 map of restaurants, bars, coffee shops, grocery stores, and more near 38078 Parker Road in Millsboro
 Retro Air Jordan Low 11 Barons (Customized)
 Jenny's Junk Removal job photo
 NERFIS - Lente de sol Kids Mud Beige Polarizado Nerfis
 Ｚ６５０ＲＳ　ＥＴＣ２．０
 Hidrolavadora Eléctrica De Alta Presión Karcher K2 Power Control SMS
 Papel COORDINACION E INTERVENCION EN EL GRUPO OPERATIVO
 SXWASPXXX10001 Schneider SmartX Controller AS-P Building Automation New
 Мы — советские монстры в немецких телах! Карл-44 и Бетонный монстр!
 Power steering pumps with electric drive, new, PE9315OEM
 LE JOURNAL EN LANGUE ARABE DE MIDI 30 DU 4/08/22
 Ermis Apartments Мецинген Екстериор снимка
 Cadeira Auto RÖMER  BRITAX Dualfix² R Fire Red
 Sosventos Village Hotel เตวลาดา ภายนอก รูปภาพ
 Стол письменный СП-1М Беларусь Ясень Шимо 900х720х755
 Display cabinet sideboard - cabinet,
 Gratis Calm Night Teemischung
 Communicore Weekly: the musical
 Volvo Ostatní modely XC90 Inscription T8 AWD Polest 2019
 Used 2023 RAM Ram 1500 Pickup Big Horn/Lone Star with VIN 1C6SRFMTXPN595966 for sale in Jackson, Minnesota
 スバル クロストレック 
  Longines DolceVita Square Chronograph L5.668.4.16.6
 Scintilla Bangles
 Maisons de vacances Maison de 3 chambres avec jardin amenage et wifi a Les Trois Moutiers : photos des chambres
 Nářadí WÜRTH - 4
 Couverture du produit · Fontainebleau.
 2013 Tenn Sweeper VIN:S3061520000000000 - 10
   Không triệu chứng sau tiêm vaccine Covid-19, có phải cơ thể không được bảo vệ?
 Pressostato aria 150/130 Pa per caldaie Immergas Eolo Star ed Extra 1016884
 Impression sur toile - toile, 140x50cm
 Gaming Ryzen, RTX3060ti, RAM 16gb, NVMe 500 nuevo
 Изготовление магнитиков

> What you are asked to do: Set down the complete listing once more, exactly as it stands above.

> Output of the exercise:
 map of restaurants, bars, coffee shops, grocery stores, and more near 38078 Parker Road in Millsboro
 Retro Air Jordan Low 11 Barons (Customized)
 Jenny's Junk Removal job photo
 NERFIS - Lente de sol Kids Mud Beige Polarizado Nerfis
 Ｚ６５０ＲＳ　ＥＴＣ２．０
 Hidrolavadora Eléctrica De Alta Presión Karcher K2 Power Control SMS
 Papel COORDINACION E INTERVENCION EN EL GRUPO OPERATIVO
 SXWASPXXX10001 Schneider SmartX Controller AS-P Building Automation New
 Мы — советские монстры в немецких телах! Карл-44 и Бетонный монстр!
 Power steering pumps with electric drive, new, PE9315OEM
 LE JOURNAL EN LANGUE ARABE DE MIDI 30 DU 4/08/22
 Ermis Apartments Мецинген Екстериор снимка
 Cadeira Auto RÖMER  BRITAX Dualfix² R Fire Red
 Sosventos Village Hotel เตวลาดา ภายนอก รูปภาพ
 Стол письменный СП-1М Беларусь Ясень Шимо 900х720х755
 Display cabinet sideboard - cabinet,
 Gratis Calm Night Teemischung
 Communicore Weekly: the musical
 Volvo Ostatní modely XC90 Inscription T8 AWD Polest 2019
 Used 2023 RAM Ram 1500 Pickup Big Horn/Lone Star with VIN 1C6SRFMTXPN595966 for sale in Jackson, Minnesota
 スバル クロストレック 
  Longines DolceVita Square Chronograph L5.668.4.16.6
 Scintilla Bangles
 Maisons de vacances Maison de 3 chambres avec jardin amenage et wifi a Les Trois Moutiers : photos des chambres
 Nářadí WÜRTH - 4
 Couverture du produit · Fontainebleau.
 2013 Tenn Sweeper VIN:S3061520000000000 - 10
   Không triệu chứng sau tiêm vaccine Covid-19, có phải cơ thể không được bảo vệ?
 Pressostato aria 150/130 Pa per caldaie Immergas Eolo Star ed Extra 1016884
 Impression sur toile - toile, 140x50cm
 Gaming Ryzen, RTX3060ti, RAM 16gb, NVMe 500 nuevo
 Изготовление магнитиков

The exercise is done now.